Are there kinks to be worked out? Certainly. The trek between the main stage at the Will Rogers Memorial Center and the second stage at the Modern took upwards of 15 minutes (the festival did have Funkytown Pedicab on hand to help out), making it nearly impossible not to miss large swaths of performers’ sets. If you planned to see Joy Division co-founder Peter Hook play all the hits (“Transmission, “Love Will Tear Us Apart”) and co-headliner Purity Ring, you’d better have packed your sneakers. Other mild inconveniences, like having to finish your drink before leaving one stage for another, were easy to overlook. 

The Modern stage felt more than a little isolated at times. It didn’t help that about 15 feet of water separated the bands from the audience, invoking a feeling of detachment that the artists seemed to notice.
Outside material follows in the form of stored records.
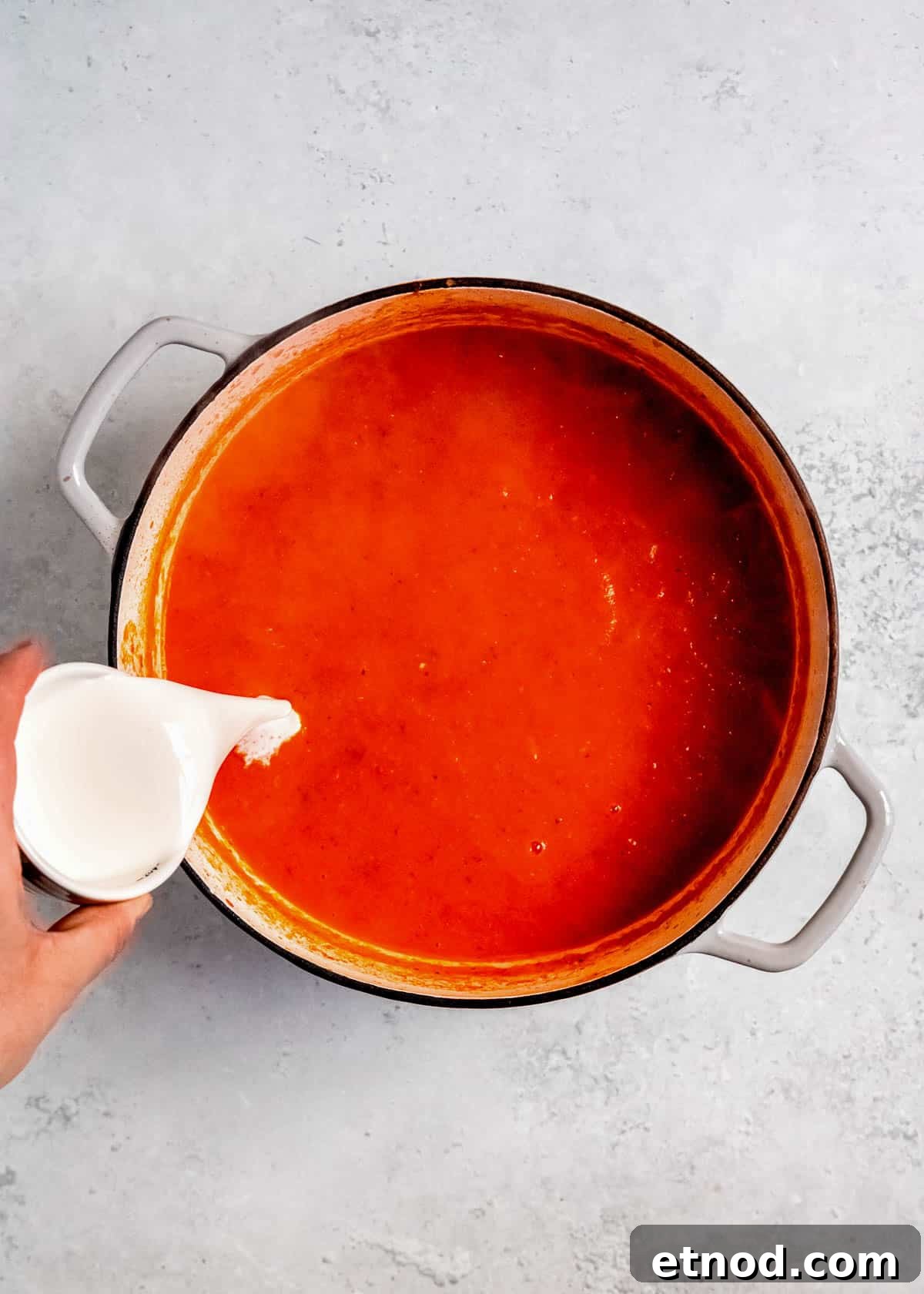 Creamy Roasted Red Pepper Soup with Garlic and Basil 12 heavy cream added to roasted red pepper soup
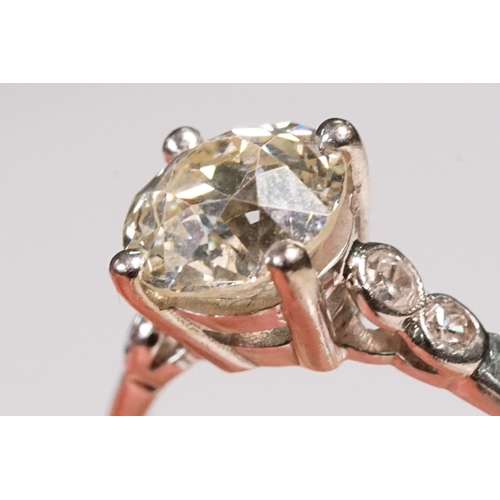 49 - Platinum and diamond ring. The ring being set with a round old cut diamond, flanked by four further ... 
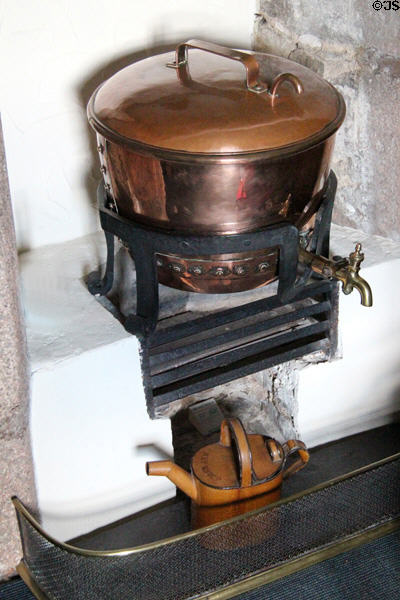 Copper water heater on fireplace grate at Craigievar Castle. Alford, Scotland.
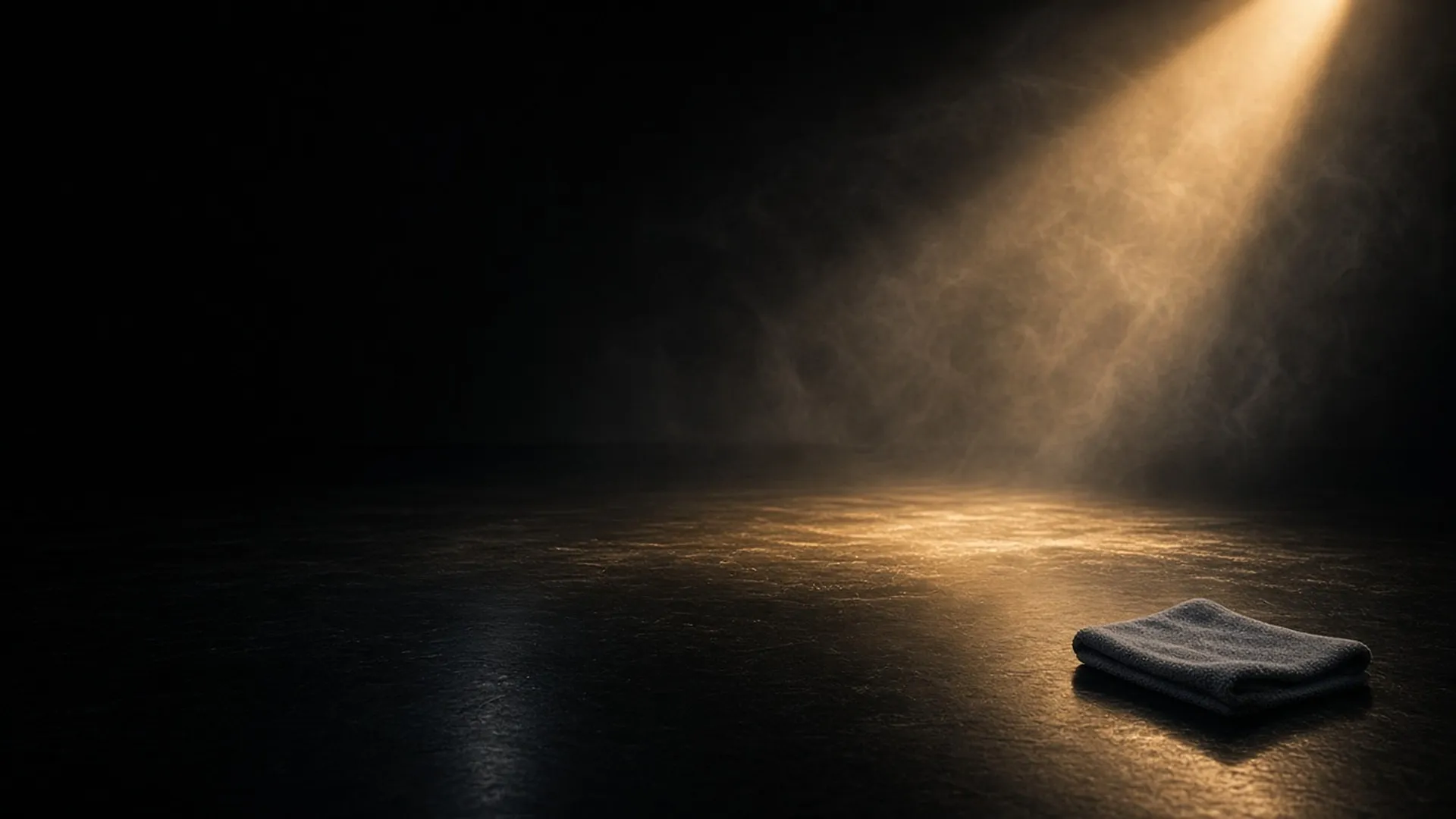 A polished black stage floor with a faint sheen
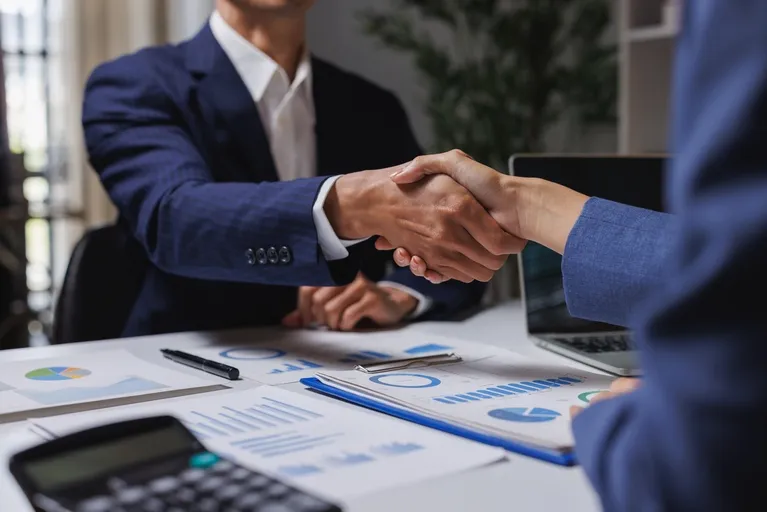 Two business professionals in blue suits shaking hands over a desk with financial charts and a calculator.
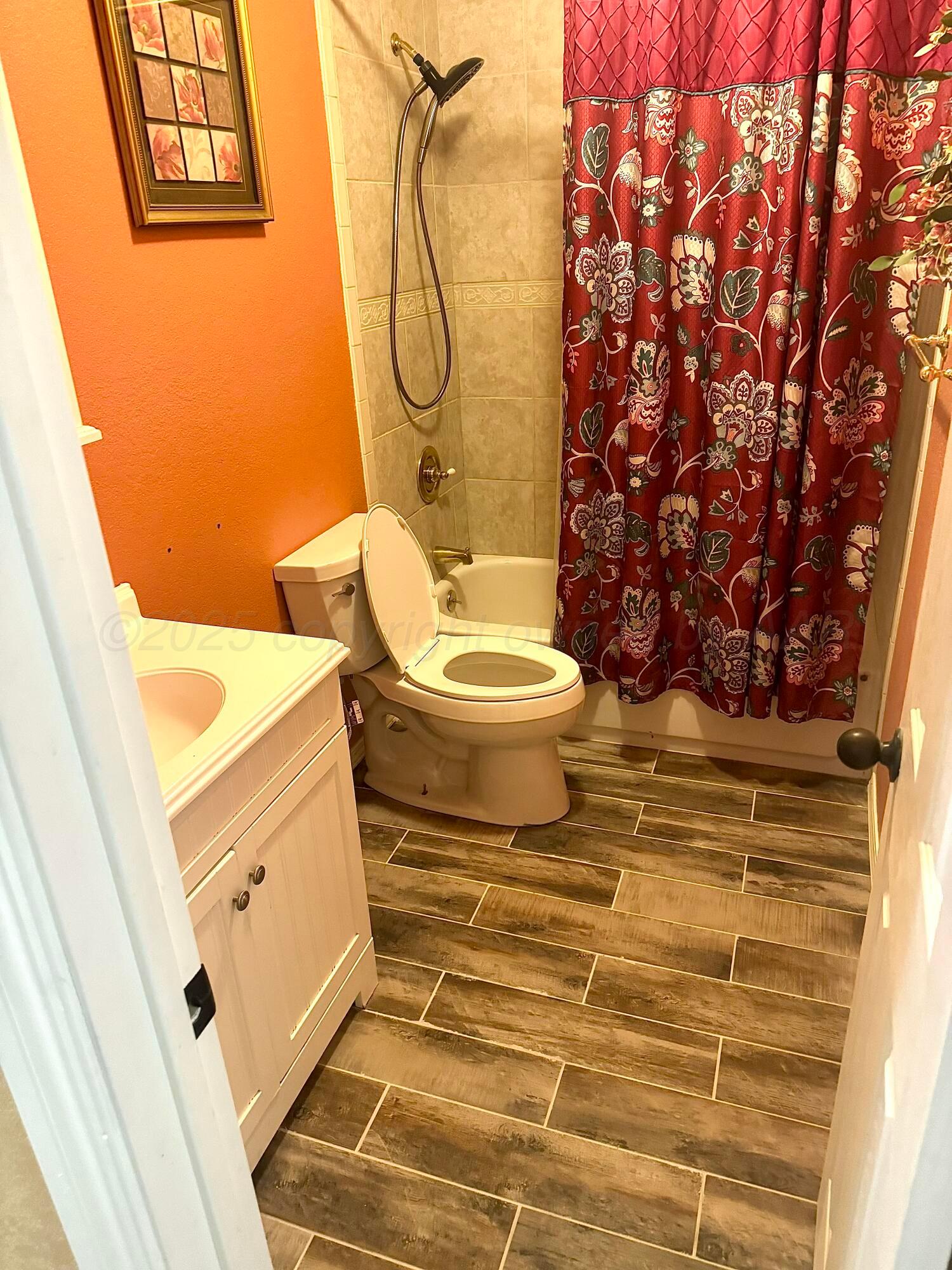 204 Garrett Street Borger, TX 79007 - Photo 15 of 23 a bathroom with a toilet and a shower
“How is it over there on the dark side of the moon?,” asked Wolf Parade singer/keyboardist Spencer Krug during the Canadian indie band’s rollicking set, one of the weekend’s best. And when guitarist/singer Dan Boeckner called on fans to “walk on water,” he probably didn’t expect 30 or so of them — perhaps spurred on by the band’s decade-long absence from performing in Texas — to wade toward the stage in a sort of slow-motion, aquatic mosh pit that was the emotional highlight of the festival. Security let the revelers stay to the end of the Krug-led anthem “I’ll Believe in Anything” before sending them back toward land. 

Also, possibly due to the concerns over the wind gusts Sunday, the Modern stage lacked the overhead structure it had had on Saturday, which would have kept the wind from affecting the sound. Without it, neo-yacht rockers Whitney and Canadian indie kids Alvvays seemed thrown off, and both complained about sound issues throughout their sets, though the audience could hear them just fine. 

Still, by the time indie electronic music darlings Purity Ring closed out the festival with a spectacular electric light-choreographed performance late Sunday, the wind had died down and all the hiccups seemed forgotten. If the exuberance of the fans walking back to their cars was any indication, Fortress proved it would be a welcome mainstay on the Fort’s ever-growing social calendar. Let’s hope other musicians of the world took notice.